But now that disquieting incident was left nearly ten minutes behind. The last park gate and its cluster of mellow-tinted thatched cottages was past. Not only out-of-doors and all the natural exhilaration of it, but the spectacle of the world beyond the precincts of the park—into which world he, in point of fact, so rarely penetrated—wooed him to interest and enjoyment. To Dickie, whose life through his mother's jealous tenderness and his own physical infirmity had been so singularly circumscribed, there was an element, slightly pathetic, of discovery and adventure in this ordinary afternoon drive.
He did not want to talk. He was too busy simply seeing, everything food for those young eyes and brain so greedy of incident and of beauty. He sat upright and stared at the passing show.—At the deep lane, its banks starred with primroses growing in the hollows of the gnarled roots of oaks and ash trees. At Sandyfield rectory, deep-roofed, bow-windowed, the red walls and tiles of it half smothered in ivy and coton-easter. At the low, squat-towered, Georgian church, standing in its acre of close-packed graveyard, which is shadowed by yew trees and by the clump of three enormous Scotch firs in the rectory garden adjoining. At the Church Farm, just beyond—a square white house, the slated roofs of it running up steeply to a central block of chimneys, it having, in consequence, somewhat the effect of a monster extinguisher.
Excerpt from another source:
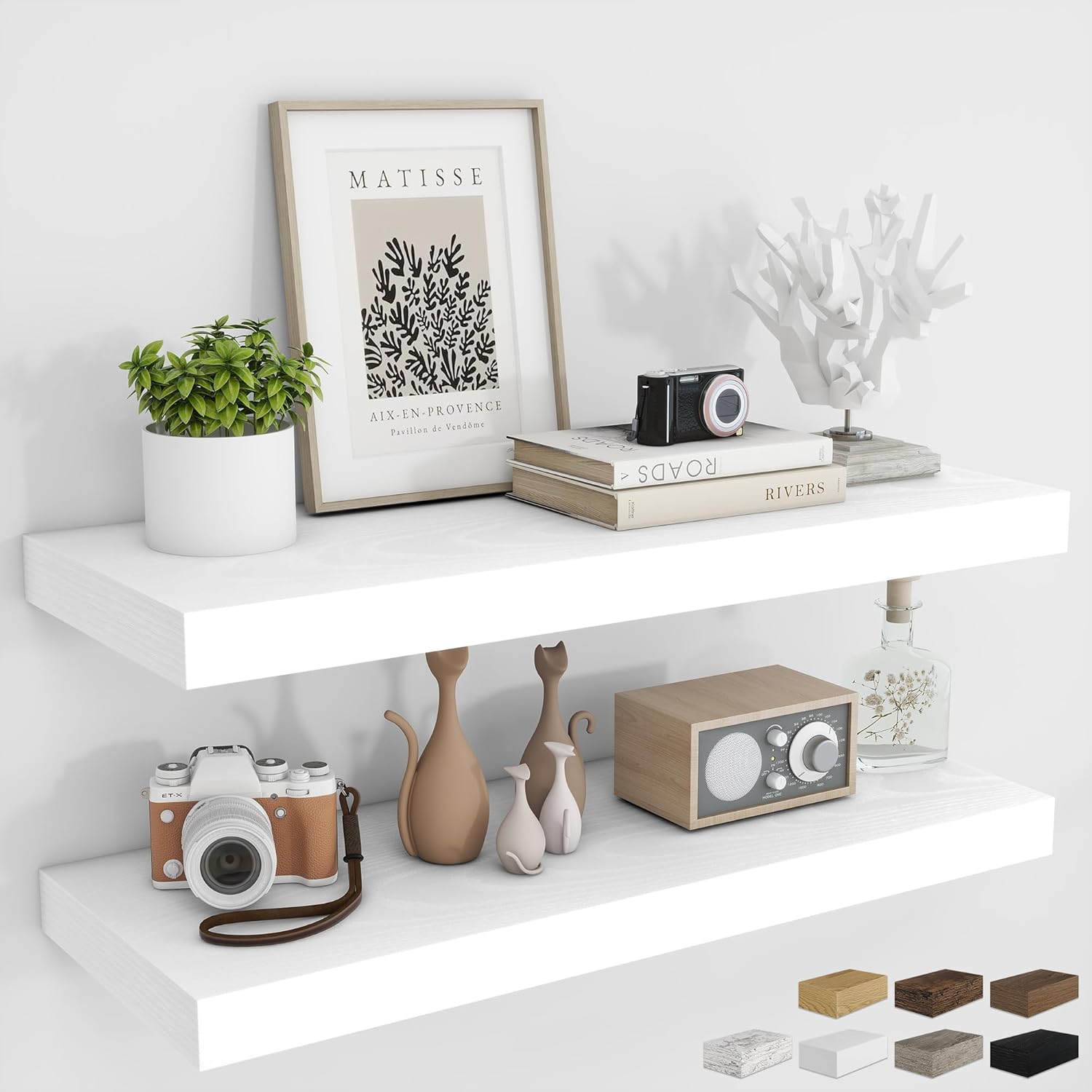 RICHFOCUS 48Inch Floating Shelves for Wall 2 Pack Shelves for Bedroom|Kitchen|Bathroom Wall Mounted Rustic Wood Floating Shelf with Invisible Brackets for Books|Storage|Decor, Walnut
At the rows of pale, wheat stacks, raised on granite straddles; at the prosperous barns, yards, and stables, built of wood on brick foundations, that surround it, presenting a mass of rich, solid colour and of noisy, crowded, animal life. At the fields, plough and pasture, marked out by long lines of hedgerow trees, broken by coppices—these dashed with tenderest green—stretching up and back to the dark purple-blue range of the moorland. At scattered cottages, over the gates of whose gardens gay with daffodils and polyanthus, groups of little girls and babies, in flopping sunbonnets and scanty lilac pinafores, stared back at the passing carriage, and then bobbed the accustomed curtsy. In the said groups were no boys, save of infant years. The boys were away shepherding, or to plough, or bird-minding. For as yet education was free indeed—in the sense that you were free to take it, or leave it, as suited your pocket and your fancy.
Richard stared too at the pleasant, furze-dotted commons, spinning away to right and left as the horses trotted sharply onward—commons whereon meditative donkeys endured rather than enjoyed existence, after the manner of their kind; and prodigiously large families of yellow-gray goslings streeled after the flocks of white geese, across spaces of fresh sprung grass around shallow ponds, in which the blue and dapple of the sky was reflected. He stared at Sandyfield village too—a straight street of detached houses, very diverse in colour and in shape, standing back, for the most part, amid small orchards and gardens that slope gently up from the brook, which last, backed, here by a row of fine elms, there by one of Lombardy poplars, borders the road. Three or four shops, modest in size as they are ambitious in the variety of objects offered for sale in them, advance their windows boldly. So does the yellow-washed inn, the Calmady arms displayed upon its swinging sign-board. A miller's tented waggon, all powdery with flour, and its team of six horses, brave with brass harness and bells, a timber-carriage, and a couple of spring-carts, were drawn up on the half-moon of gravel before the porch; while, from out the open door, came a sound of voices and odour of many pipes and much stale beer.
And Richard had uninterrupted leisure to bestow on all this seeing, for his companion, Colonel Ormiston, was preoccupied and silent. Once or twice he looked down at the boy as though suddenly remembering his presence and inquired if he was "all right." But it was not until they had crossed the long, white-railed bridge, at the end of Sandyfield street—which spans not only the little brown river overhung by black-stemmed alders, but a bit of marsh, reminiscent of the ancient ford, lush with water grasses, beds of king-cups, and broad-leaved docks—not until then did Colonel Ormiston make sustained effort at conversation. Beyond the bridge the road forks.
"Left to Newlands, isn't it?" he asked sharply.
Then, as the carriage swept round the turn, he woke up from his long reverie; waking Richard up also, from his long dream of mere seeing, to human drama but dimly apprehended close there at his side.
"Oh, well, well!" the man exclaimed, throwing back his head in sharp impatience, as a horse will against the restraint of the bearing-rein. He raised his eyebrows, while his lips set in a smile the reverse of gay. Then he looked down at Richard again, an unwonted softness in his expression.
"Been happy?" he said. "Enjoyed your drive? That's right. You understand the art of being really good company, Dick."
"What's that?"
"Allowing other people to be just as bad company as they like."